Available data »
+ + +
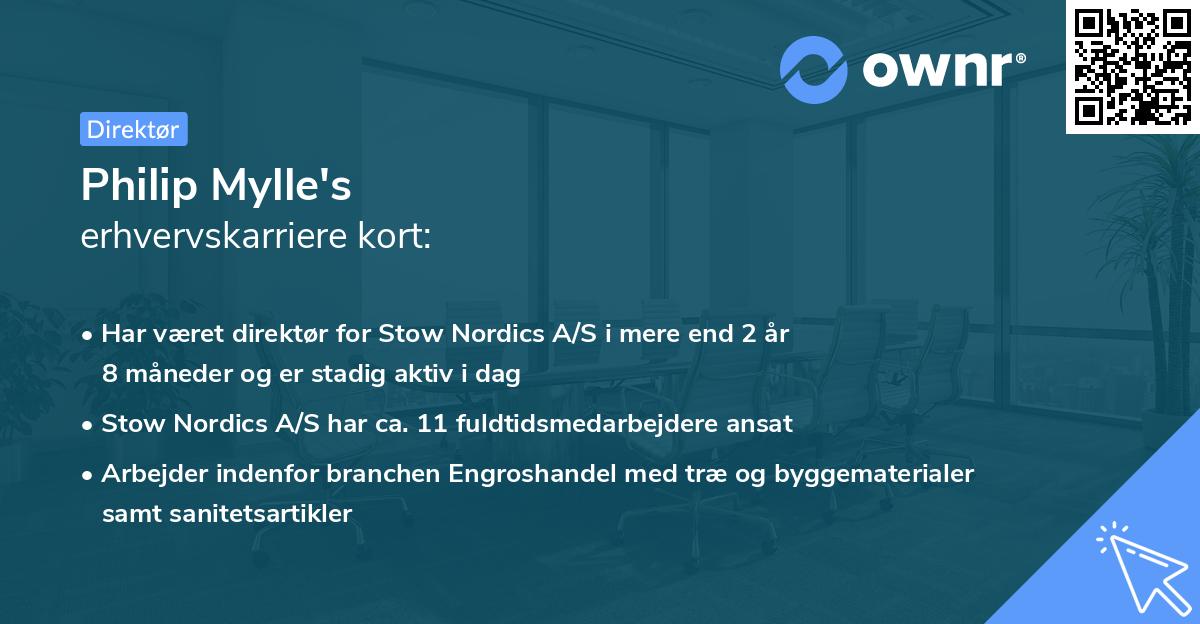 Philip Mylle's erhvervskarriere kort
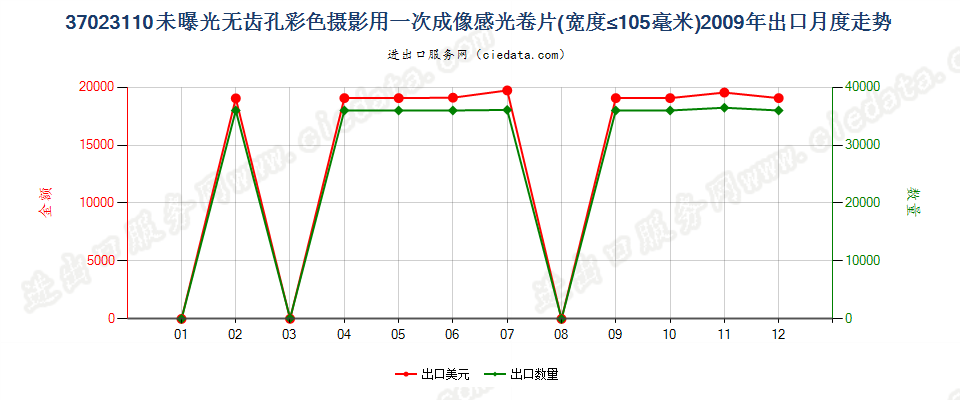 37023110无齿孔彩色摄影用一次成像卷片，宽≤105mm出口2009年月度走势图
+ + +
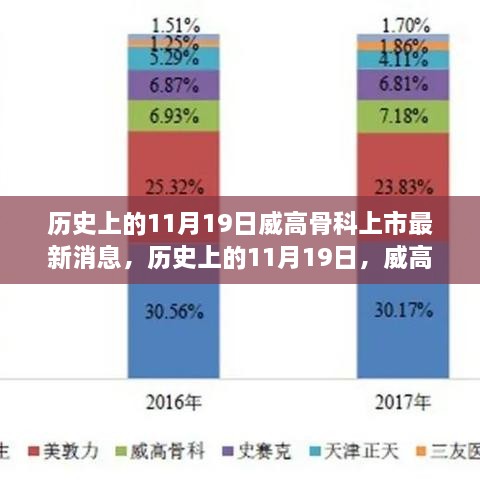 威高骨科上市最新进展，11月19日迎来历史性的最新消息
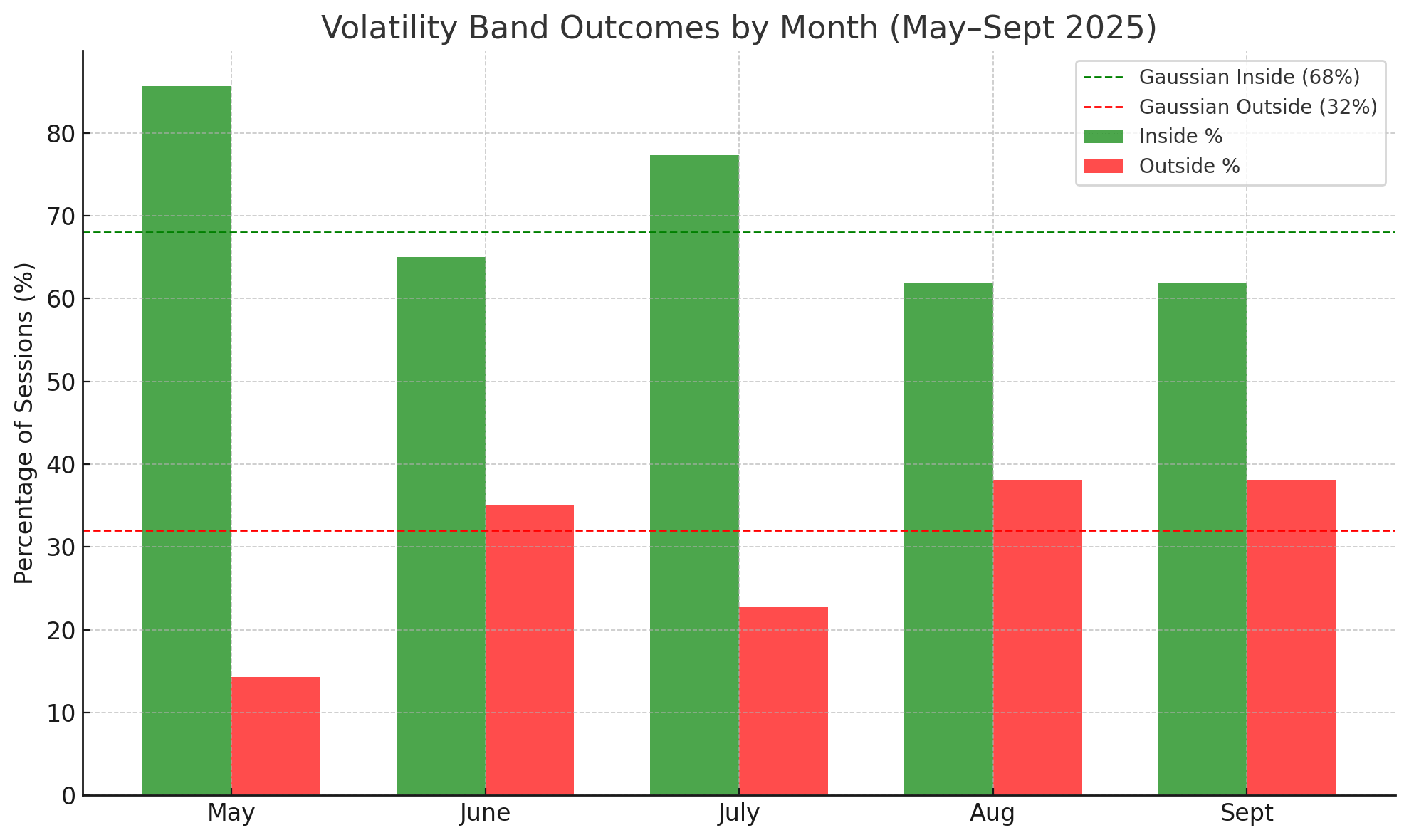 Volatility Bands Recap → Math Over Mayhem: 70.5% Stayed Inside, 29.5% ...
+ + +
What you will do » In the entries above, find the line that contains "威高骨科上市最新进展，11月19日迎来历史性的最新消息" and the line that contains "Volatility Bands Recap". Reproduce exactly those two lines and every line between them, but not the pictures.

Result for this task »
 威高骨科上市最新进展，11月19日迎来历史性的最新消息
 Volatility Bands Recap → Math Over Mayhem: 70.5% Stayed Inside, 29.5% ...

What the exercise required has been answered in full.